** Opening Provided data block **
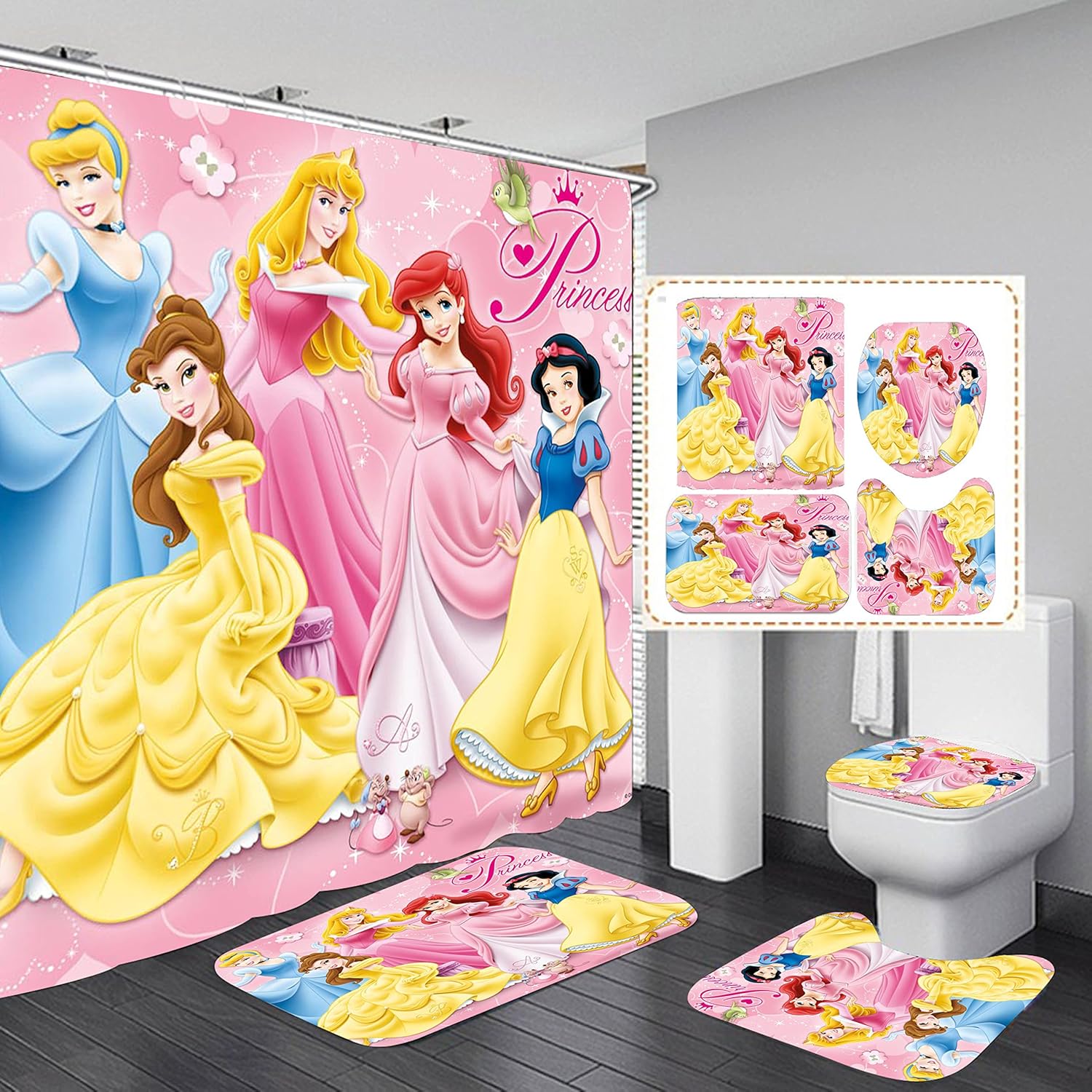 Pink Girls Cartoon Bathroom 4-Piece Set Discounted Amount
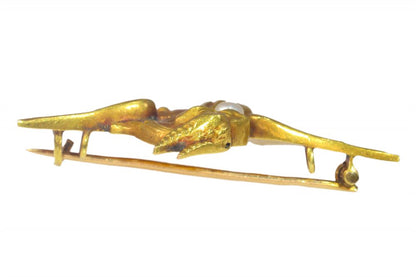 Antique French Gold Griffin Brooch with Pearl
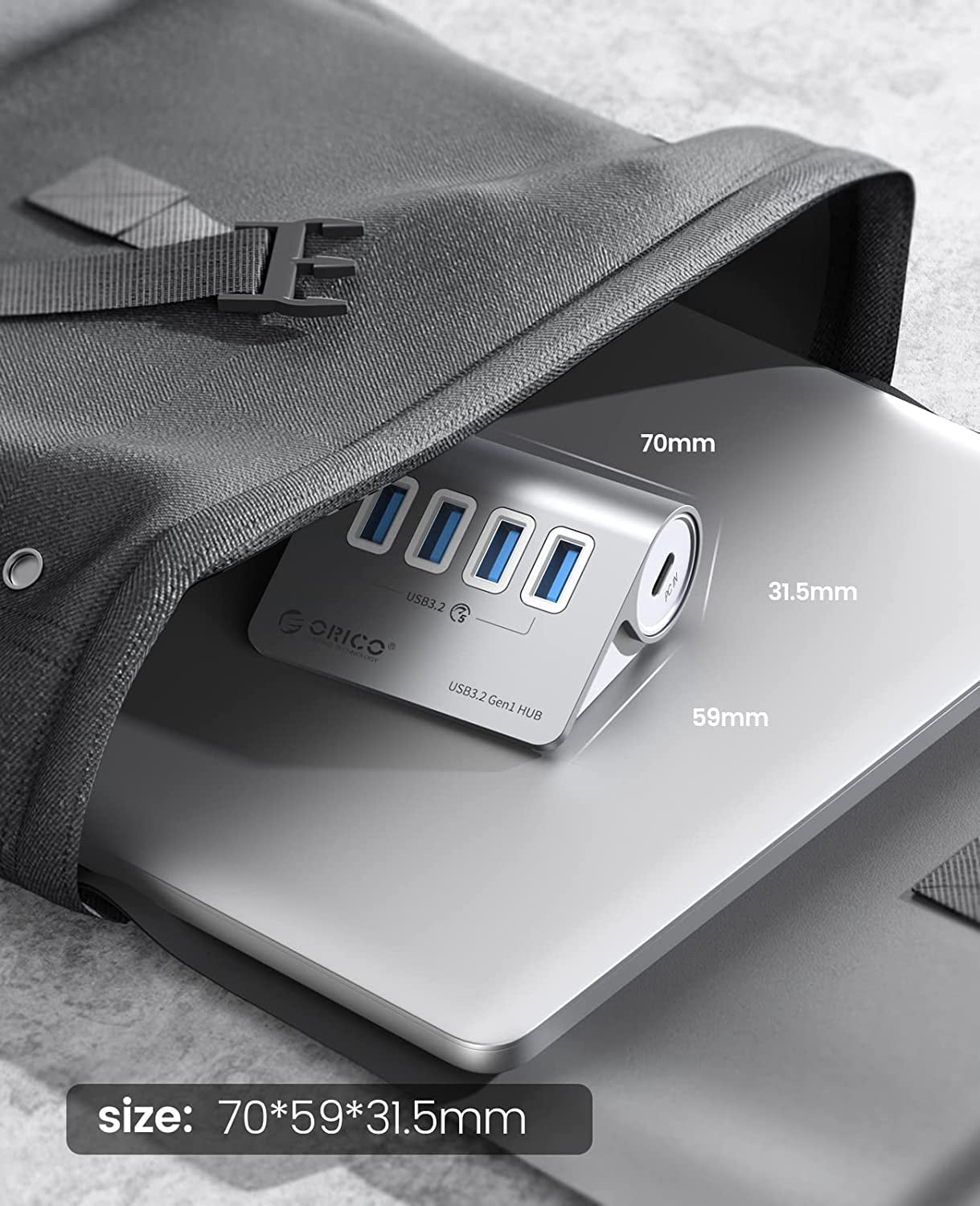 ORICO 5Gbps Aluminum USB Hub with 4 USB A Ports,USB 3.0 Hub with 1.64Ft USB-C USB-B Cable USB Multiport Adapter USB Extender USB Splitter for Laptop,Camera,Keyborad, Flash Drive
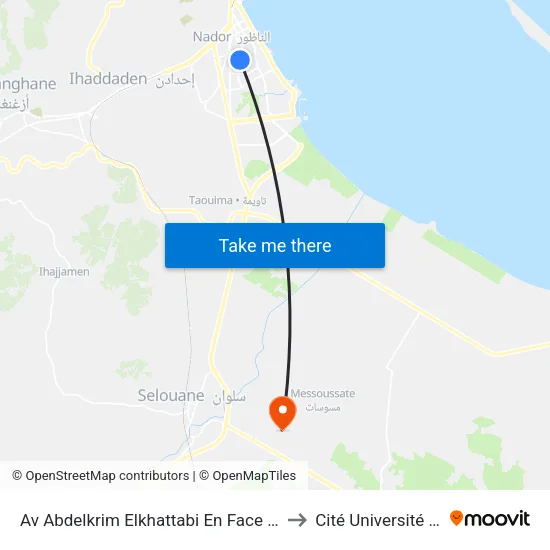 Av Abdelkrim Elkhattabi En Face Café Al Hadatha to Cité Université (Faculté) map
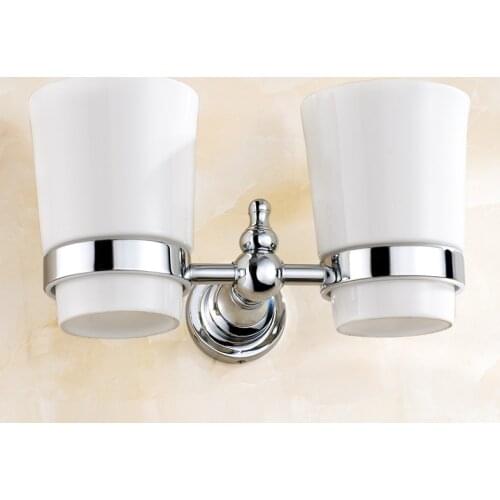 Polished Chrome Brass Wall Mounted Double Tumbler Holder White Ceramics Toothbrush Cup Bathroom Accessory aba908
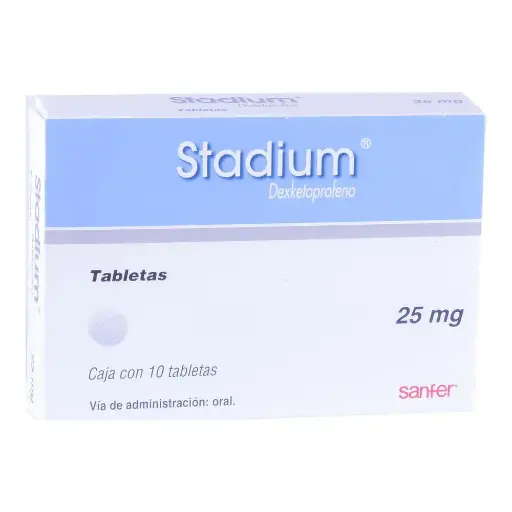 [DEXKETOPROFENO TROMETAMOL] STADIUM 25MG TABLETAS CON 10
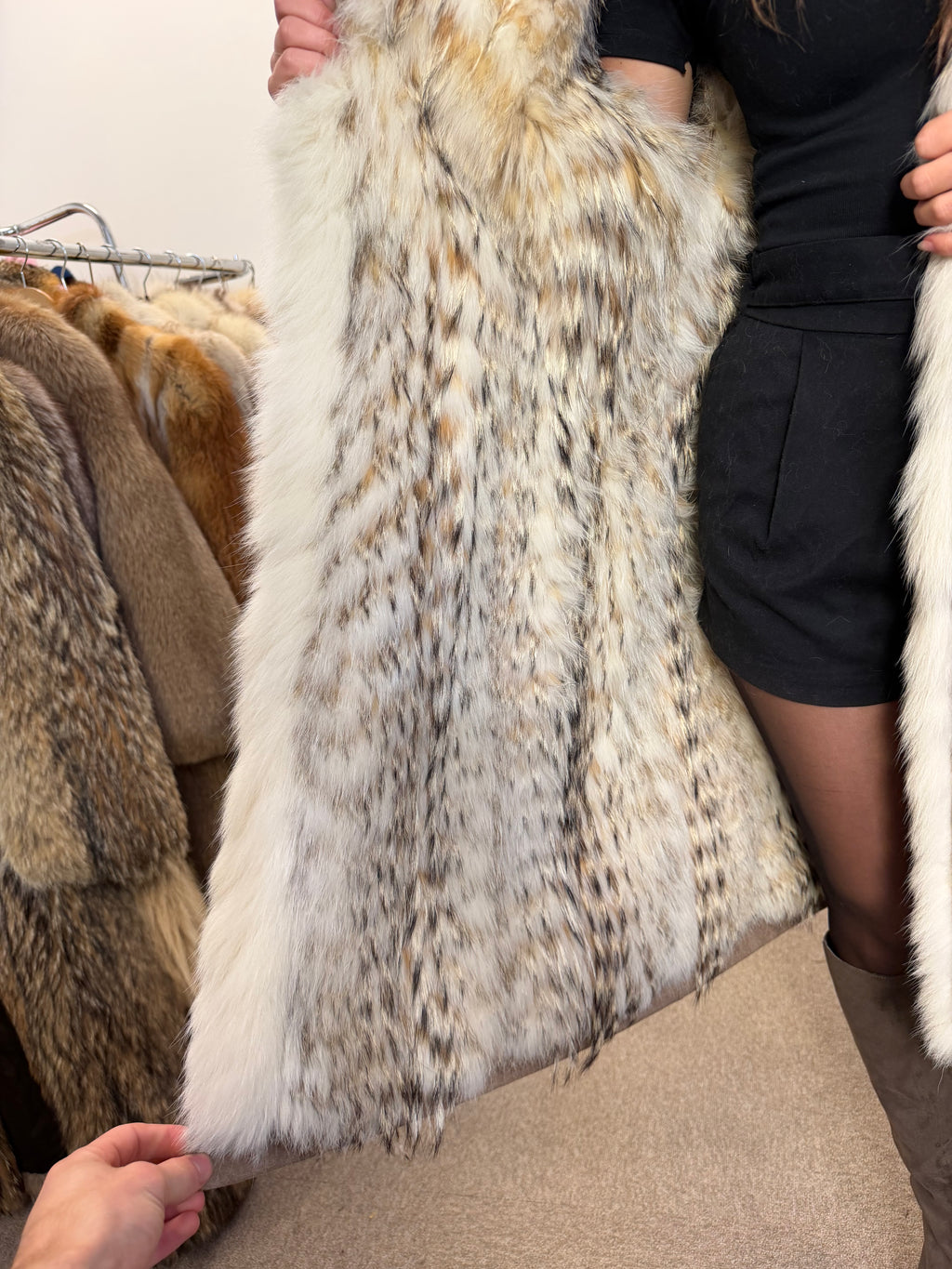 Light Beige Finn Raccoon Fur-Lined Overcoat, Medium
** Closing Provided data block **
**Work order**
Omit the pictures, then give all the lines above again exactly.

**Answer section**
 Pink Girls Cartoon Bathroom 4-Piece Set Discounted Amount
 Antique French Gold Griffin Brooch with Pearl
 ORICO 5Gbps Aluminum USB Hub with 4 USB A Ports,USB 3.0 Hub with 1.64Ft USB-C USB-B Cable USB Multiport Adapter USB Extender USB Splitter for Laptop,Camera,Keyborad, Flash Drive
 Av Abdelkrim Elkhattabi En Face Café Al Hadatha to Cité Université (Faculté) map
 Polished Chrome Brass Wall Mounted Double Tumbler Holder White Ceramics Toothbrush Cup Bathroom Accessory aba908
 [DEXKETOPROFENO TROMETAMOL] STADIUM 25MG TABLETAS CON 10
 Light Beige Finn Raccoon Fur-Lined Overcoat, Medium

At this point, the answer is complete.